EXTRACTED RECORDS |
————

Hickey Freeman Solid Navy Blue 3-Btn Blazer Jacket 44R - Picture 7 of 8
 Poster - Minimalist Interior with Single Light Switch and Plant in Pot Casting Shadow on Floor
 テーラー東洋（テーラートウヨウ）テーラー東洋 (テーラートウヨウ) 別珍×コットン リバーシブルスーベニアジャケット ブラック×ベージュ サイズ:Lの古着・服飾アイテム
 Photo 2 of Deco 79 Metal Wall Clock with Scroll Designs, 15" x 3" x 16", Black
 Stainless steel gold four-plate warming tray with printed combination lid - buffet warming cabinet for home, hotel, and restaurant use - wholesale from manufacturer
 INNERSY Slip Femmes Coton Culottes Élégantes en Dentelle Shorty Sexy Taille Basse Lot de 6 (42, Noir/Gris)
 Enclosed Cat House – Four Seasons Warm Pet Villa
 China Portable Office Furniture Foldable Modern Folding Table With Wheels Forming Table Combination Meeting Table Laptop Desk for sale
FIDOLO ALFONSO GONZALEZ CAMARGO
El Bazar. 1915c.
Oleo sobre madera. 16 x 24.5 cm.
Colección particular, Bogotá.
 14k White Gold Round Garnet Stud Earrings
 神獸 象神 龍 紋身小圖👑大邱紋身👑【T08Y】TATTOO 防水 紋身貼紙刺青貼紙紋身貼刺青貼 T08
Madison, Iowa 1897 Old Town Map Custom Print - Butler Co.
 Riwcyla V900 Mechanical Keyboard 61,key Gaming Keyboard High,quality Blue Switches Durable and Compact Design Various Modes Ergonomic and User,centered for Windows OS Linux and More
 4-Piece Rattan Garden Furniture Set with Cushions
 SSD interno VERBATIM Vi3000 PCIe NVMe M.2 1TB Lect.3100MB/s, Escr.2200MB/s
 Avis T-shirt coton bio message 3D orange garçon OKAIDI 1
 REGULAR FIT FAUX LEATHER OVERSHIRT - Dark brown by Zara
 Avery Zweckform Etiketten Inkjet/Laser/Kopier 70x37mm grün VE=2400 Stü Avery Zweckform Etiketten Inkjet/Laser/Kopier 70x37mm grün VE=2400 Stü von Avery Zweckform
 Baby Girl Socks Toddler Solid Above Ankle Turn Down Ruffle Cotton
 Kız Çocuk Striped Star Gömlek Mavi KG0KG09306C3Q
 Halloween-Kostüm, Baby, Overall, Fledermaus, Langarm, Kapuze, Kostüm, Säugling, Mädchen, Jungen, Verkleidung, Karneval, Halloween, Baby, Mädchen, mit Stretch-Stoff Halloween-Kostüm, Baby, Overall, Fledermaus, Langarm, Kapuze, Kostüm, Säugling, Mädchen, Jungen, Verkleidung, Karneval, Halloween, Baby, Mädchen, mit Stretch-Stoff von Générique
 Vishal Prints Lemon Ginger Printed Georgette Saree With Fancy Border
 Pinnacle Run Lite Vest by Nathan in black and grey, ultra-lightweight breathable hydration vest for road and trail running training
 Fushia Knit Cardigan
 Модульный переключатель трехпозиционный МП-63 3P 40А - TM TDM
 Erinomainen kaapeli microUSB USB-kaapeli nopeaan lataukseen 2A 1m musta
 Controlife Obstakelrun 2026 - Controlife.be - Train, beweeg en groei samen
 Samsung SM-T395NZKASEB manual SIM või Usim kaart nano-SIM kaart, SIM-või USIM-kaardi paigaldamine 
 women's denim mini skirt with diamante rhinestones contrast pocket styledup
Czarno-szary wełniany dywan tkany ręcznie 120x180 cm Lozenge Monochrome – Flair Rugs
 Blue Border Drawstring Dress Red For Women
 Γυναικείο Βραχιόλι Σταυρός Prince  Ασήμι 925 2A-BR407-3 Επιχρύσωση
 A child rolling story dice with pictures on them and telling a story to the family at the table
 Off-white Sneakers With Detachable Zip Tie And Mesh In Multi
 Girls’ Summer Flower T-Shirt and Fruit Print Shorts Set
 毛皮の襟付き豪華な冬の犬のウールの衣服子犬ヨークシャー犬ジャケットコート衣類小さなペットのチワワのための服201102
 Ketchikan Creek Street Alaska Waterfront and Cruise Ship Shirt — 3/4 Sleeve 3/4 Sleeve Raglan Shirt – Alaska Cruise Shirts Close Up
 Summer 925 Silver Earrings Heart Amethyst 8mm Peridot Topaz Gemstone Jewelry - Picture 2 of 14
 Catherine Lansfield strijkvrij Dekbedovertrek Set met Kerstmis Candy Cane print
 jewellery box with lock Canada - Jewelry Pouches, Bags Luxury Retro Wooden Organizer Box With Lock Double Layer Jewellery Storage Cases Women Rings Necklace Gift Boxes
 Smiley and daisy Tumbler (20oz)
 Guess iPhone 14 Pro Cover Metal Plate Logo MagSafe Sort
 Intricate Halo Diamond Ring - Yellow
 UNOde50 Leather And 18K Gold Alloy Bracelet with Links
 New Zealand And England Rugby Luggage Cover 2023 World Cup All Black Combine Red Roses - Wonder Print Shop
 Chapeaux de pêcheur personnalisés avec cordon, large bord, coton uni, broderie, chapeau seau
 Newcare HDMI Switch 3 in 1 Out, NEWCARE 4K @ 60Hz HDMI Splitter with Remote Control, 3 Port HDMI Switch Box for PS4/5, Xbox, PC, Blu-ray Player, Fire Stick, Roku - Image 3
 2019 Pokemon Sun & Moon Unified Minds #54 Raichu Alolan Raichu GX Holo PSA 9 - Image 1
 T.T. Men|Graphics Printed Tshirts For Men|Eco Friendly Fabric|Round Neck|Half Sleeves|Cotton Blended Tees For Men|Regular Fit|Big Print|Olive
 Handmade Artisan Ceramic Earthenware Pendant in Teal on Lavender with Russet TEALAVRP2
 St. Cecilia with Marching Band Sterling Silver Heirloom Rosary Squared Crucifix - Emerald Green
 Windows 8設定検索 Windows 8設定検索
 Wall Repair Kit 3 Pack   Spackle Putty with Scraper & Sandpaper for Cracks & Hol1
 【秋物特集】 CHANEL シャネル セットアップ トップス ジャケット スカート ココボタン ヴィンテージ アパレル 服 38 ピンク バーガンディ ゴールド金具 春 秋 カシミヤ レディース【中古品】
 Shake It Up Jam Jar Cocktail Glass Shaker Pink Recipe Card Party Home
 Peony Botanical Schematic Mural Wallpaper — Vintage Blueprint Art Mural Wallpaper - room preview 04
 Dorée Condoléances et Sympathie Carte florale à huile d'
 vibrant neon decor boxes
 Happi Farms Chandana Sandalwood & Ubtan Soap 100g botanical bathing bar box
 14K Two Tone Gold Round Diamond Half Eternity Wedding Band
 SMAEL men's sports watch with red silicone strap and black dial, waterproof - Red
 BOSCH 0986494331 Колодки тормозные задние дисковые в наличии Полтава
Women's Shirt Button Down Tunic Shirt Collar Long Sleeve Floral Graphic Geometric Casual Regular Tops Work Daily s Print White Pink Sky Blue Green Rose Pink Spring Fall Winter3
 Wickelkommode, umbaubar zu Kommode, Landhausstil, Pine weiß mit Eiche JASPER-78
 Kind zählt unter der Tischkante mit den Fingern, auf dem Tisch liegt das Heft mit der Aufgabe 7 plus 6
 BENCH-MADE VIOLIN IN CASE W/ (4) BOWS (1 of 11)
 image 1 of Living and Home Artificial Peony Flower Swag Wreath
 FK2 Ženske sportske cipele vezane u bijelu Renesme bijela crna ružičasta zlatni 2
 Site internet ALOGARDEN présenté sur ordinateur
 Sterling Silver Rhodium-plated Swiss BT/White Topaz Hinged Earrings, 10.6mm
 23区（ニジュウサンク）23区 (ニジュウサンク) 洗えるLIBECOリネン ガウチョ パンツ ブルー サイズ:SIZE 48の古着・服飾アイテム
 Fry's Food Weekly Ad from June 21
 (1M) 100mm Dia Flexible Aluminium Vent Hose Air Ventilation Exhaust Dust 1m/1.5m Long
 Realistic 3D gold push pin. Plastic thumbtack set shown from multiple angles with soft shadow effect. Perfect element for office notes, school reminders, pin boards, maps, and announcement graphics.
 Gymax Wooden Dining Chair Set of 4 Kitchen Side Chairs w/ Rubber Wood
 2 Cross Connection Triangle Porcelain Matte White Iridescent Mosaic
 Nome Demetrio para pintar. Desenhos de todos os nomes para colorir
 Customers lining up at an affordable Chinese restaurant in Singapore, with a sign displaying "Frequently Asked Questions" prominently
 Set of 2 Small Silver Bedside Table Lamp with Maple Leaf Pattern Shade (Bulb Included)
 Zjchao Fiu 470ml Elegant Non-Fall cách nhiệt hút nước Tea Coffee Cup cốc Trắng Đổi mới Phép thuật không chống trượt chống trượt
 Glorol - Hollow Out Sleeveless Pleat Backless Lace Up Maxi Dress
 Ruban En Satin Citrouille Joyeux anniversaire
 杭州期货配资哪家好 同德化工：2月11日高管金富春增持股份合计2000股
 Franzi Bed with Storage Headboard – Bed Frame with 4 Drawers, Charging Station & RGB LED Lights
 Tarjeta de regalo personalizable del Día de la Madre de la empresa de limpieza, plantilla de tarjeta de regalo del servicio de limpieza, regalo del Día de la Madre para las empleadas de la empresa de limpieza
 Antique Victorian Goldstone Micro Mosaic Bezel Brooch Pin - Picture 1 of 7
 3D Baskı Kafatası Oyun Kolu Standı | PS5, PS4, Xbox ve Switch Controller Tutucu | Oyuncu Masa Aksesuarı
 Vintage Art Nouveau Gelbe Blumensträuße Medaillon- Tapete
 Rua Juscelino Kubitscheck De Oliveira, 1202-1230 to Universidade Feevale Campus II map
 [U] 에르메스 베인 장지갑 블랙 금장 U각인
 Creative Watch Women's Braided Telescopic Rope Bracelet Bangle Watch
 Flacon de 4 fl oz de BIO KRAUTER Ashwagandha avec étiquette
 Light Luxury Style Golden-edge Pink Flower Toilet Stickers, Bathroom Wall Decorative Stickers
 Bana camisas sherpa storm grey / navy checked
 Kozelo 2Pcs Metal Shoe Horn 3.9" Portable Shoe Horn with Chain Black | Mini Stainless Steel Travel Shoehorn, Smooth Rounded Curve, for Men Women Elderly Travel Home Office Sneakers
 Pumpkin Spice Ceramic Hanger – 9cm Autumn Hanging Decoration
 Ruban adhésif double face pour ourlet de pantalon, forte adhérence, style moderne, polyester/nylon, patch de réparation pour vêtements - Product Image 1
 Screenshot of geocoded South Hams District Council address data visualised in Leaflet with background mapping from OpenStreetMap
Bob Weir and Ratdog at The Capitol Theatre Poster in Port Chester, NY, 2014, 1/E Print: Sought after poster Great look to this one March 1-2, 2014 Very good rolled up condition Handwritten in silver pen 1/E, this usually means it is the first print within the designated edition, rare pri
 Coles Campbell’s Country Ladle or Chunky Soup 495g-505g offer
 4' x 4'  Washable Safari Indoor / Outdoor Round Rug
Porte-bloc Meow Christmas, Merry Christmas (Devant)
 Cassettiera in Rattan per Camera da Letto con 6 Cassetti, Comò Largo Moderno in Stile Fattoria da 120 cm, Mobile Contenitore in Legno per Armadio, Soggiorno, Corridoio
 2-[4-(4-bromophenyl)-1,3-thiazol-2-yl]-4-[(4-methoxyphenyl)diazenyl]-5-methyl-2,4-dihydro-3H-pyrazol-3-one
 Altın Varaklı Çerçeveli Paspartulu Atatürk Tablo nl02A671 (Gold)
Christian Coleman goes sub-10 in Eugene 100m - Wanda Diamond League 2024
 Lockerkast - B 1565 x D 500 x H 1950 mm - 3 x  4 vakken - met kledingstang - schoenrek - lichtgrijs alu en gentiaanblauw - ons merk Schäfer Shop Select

————

WORK ITEM |
Look above for the line with "[U] 에르메스 베인 장지갑 블랙 금장 U각인"; retype exactly that line, every line after it up to the line with "Cassettiera in Rattan", and that line too, nothing else.

RESULT BELOW |
 [U] 에르메스 베인 장지갑 블랙 금장 U각인
 Creative Watch Women's Braided Telescopic Rope Bracelet Bangle Watch
 Flacon de 4 fl oz de BIO KRAUTER Ashwagandha avec étiquette
 Light Luxury Style Golden-edge Pink Flower Toilet Stickers, Bathroom Wall Decorative Stickers
 Bana camisas sherpa storm grey / navy checked
 Kozelo 2Pcs Metal Shoe Horn 3.9" Portable Shoe Horn with Chain Black | Mini Stainless Steel Travel Shoehorn, Smooth Rounded Curve, for Men Women Elderly Travel Home Office Sneakers
 Pumpkin Spice Ceramic Hanger – 9cm Autumn Hanging Decoration
 Ruban adhésif double face pour ourlet de pantalon, forte adhérence, style moderne, polyester/nylon, patch de réparation pour vêtements - Product Image 1
 Screenshot of geocoded South Hams District Council address data visualised in Leaflet with background mapping from OpenStreetMap
Bob Weir and Ratdog at The Capitol Theatre Poster in Port Chester, NY, 2014, 1/E Print: Sought after poster Great look to this one March 1-2, 2014 Very good rolled up condition Handwritten in silver pen 1/E, this usually means it is the first print within the designated edition, rare pri
 Coles Campbell’s Country Ladle or Chunky Soup 495g-505g offer
 4' x 4'  Washable Safari Indoor / Outdoor Round Rug
Porte-bloc Meow Christmas, Merry Christmas (Devant)
 Cassettiera in Rattan per Camera da Letto con 6 Cassetti, Comò Largo Moderno in Stile Fattoria da 120 cm, Mobile Contenitore in Legno per Armadio, Soggiorno, Corridoio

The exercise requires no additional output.